▶ [Provided data]
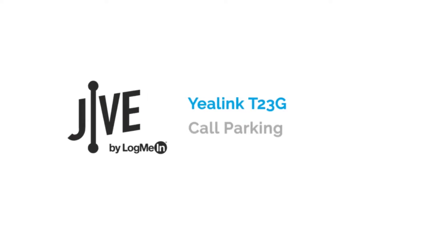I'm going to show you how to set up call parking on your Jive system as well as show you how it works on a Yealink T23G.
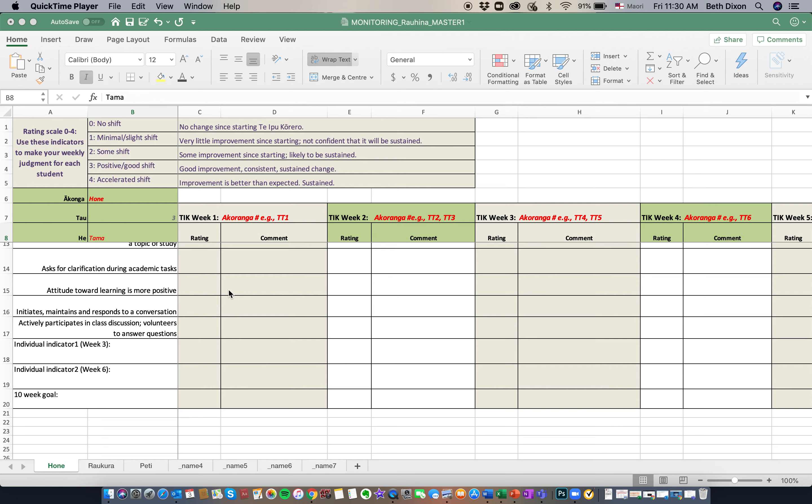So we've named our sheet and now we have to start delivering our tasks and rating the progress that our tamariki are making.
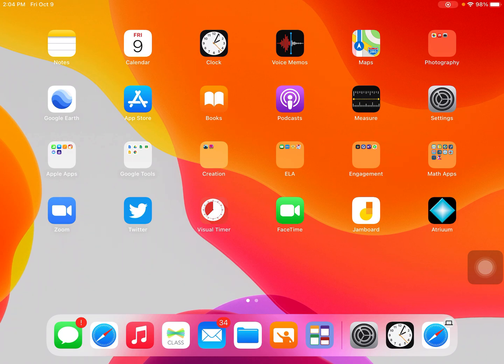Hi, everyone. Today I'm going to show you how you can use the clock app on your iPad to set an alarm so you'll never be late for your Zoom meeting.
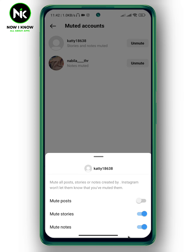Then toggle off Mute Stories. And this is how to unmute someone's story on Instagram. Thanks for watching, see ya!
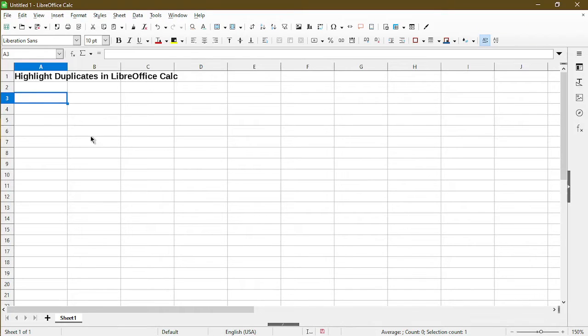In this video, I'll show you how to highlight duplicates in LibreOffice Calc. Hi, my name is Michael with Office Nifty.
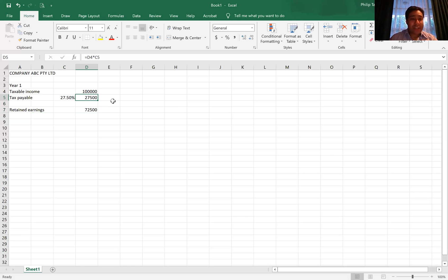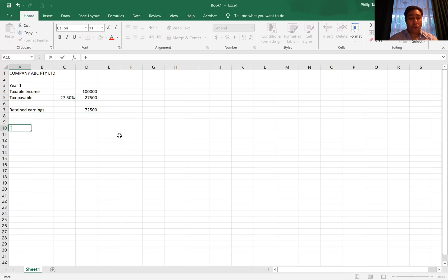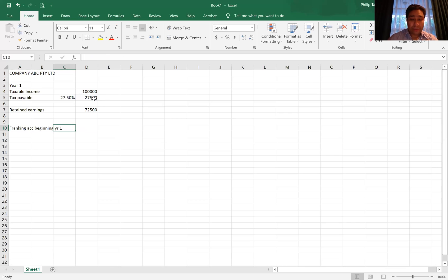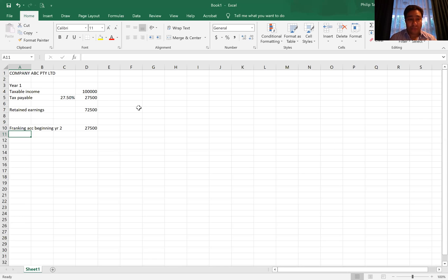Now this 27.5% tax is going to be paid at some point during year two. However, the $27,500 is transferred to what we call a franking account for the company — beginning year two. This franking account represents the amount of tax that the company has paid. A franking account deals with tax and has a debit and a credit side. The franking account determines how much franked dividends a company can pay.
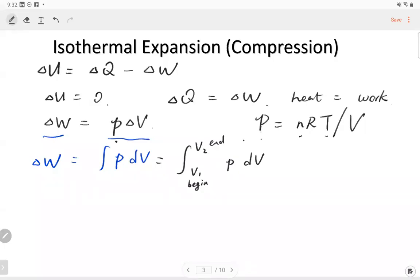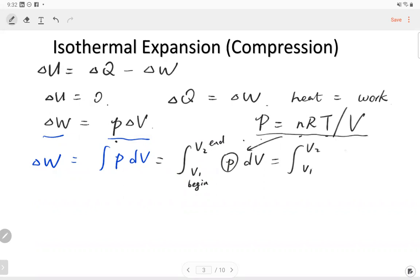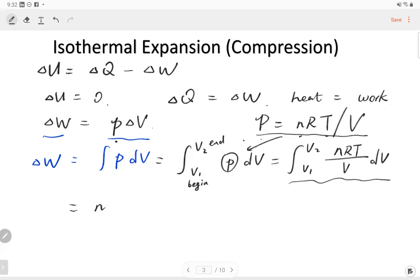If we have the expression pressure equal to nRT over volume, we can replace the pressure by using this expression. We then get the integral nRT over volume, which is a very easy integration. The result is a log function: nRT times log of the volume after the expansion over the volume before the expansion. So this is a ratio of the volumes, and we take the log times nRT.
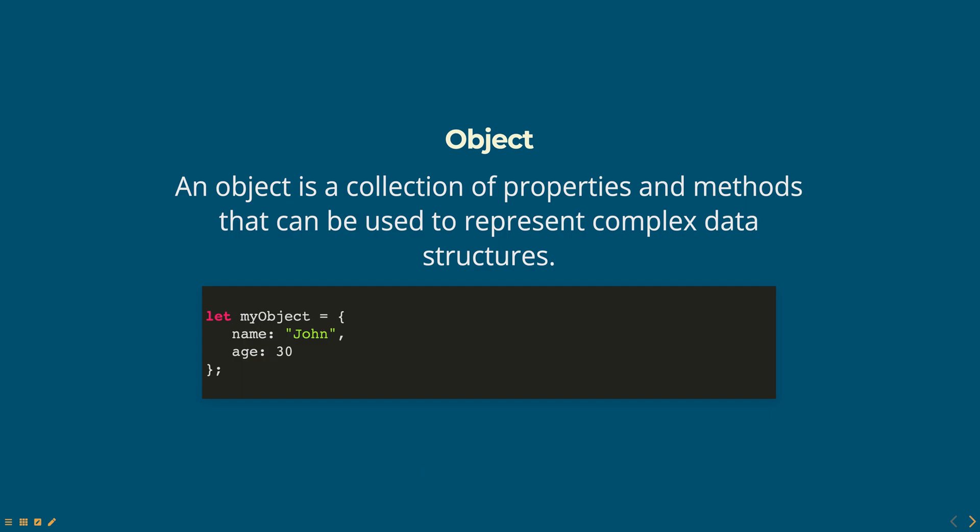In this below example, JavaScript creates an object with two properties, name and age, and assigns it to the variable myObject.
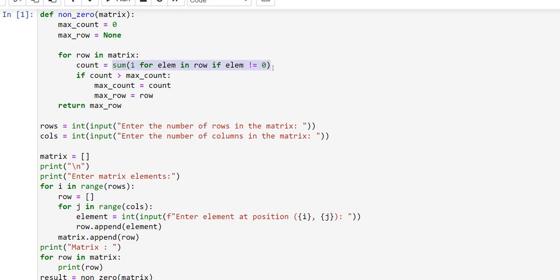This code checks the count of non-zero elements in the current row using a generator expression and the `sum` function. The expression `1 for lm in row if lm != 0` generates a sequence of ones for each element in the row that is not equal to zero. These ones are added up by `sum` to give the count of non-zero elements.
...
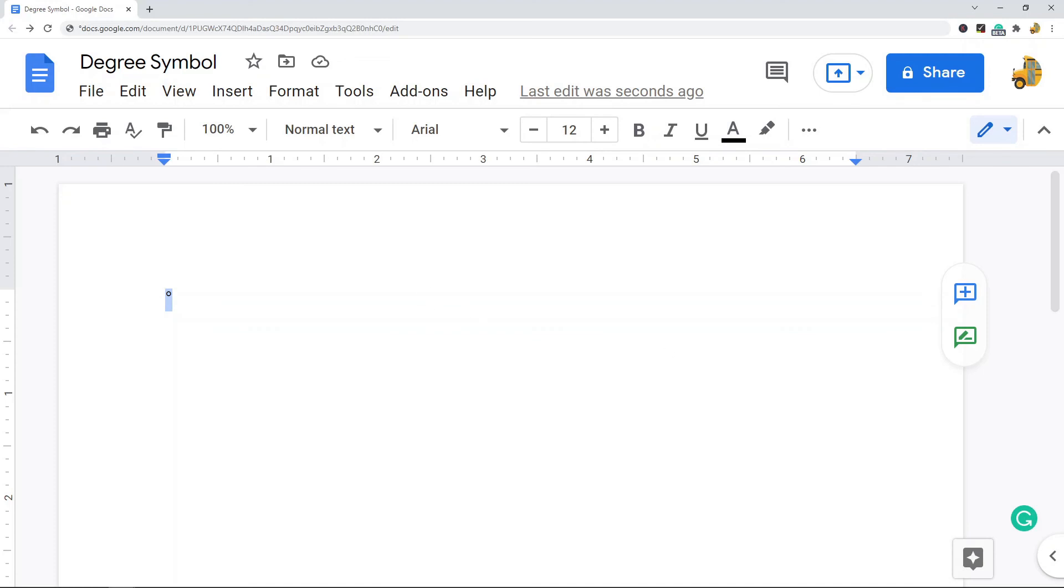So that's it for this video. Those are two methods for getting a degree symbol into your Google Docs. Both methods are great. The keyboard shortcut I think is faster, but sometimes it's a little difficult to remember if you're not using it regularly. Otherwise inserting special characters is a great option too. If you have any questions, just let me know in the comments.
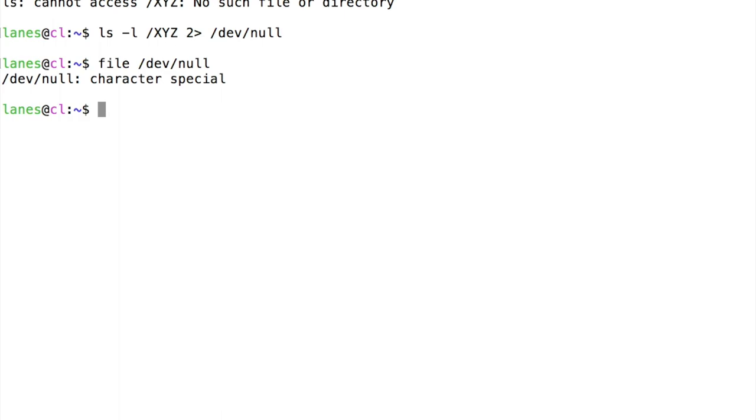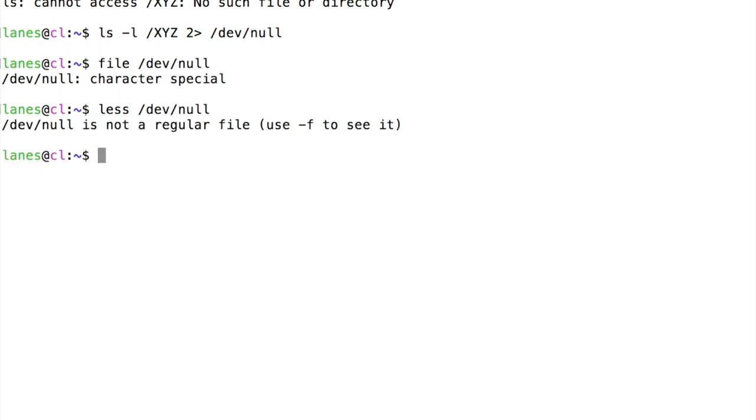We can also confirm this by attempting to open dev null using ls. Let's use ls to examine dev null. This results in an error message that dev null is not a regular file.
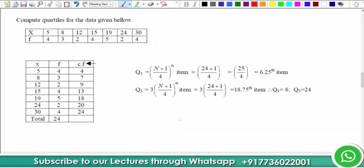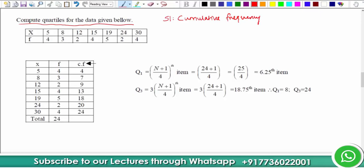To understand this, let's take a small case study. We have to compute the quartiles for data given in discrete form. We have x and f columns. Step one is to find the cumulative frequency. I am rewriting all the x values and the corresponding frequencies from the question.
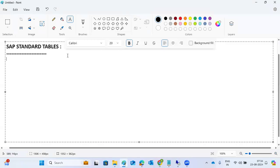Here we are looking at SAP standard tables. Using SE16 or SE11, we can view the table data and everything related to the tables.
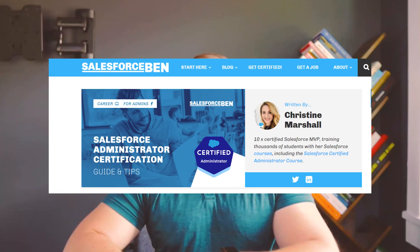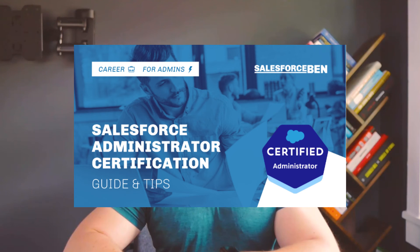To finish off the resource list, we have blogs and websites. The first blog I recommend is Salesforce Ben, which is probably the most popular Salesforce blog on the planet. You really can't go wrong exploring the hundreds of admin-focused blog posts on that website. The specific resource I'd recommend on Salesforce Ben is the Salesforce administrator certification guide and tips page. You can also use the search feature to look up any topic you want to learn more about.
---
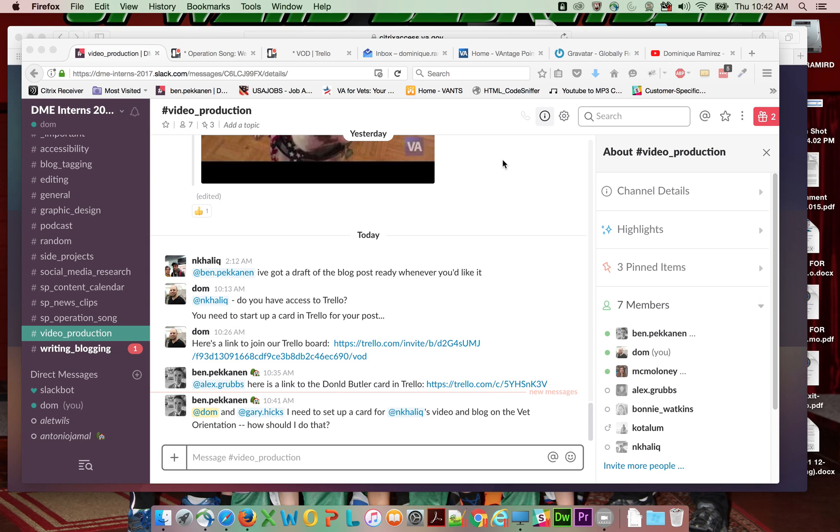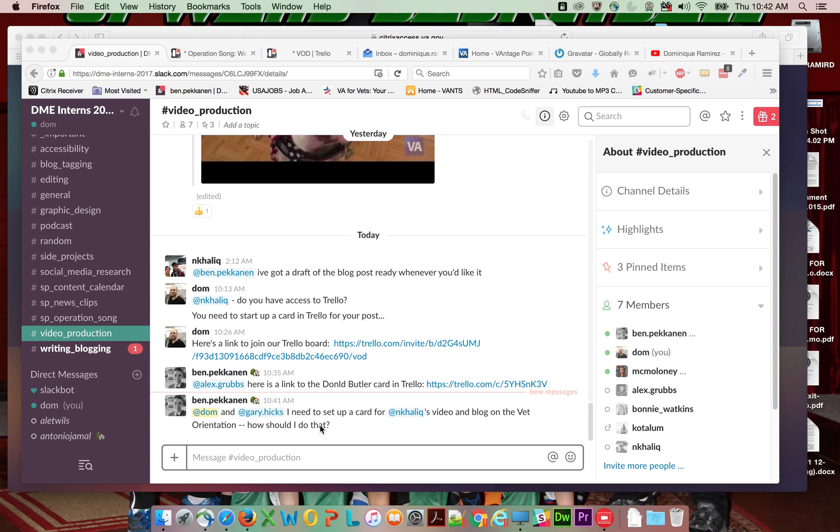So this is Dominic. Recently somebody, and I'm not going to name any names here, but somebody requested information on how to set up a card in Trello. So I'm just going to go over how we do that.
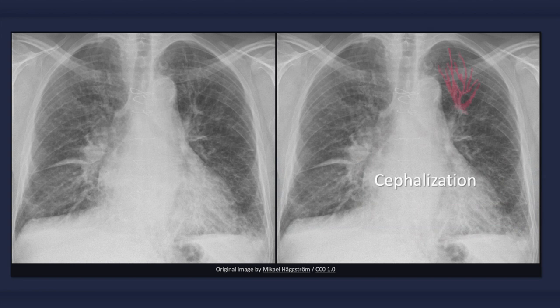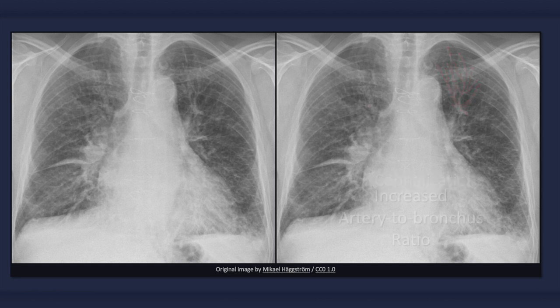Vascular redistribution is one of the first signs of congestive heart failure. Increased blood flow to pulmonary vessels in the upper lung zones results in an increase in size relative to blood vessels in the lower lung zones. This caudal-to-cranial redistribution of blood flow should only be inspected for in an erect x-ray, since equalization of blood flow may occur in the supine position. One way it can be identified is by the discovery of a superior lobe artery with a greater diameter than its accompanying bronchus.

▶ [What this task involves]
For the material above, give again only the lines starting at the line that contains "So this is Dominic." and ending at the line that contains "Vascular redistribution is". Pictures do not belong in the copy.

▶ [Result]
So this is Dominic. Recently somebody, and I'm not going to name any names here, but somebody requested information on how to set up a card in Trello. So I'm just going to go over how we do that.
Vascular redistribution is one of the first signs of congestive heart failure. Increased blood flow to pulmonary vessels in the upper lung zones results in an increase in size relative to blood vessels in the lower lung zones. This caudal-to-cranial redistribution of blood flow should only be inspected for in an erect x-ray, since equalization of blood flow may occur in the supine position. One way it can be identified is by the discovery of a superior lobe artery with a greater diameter than its accompanying bronchus.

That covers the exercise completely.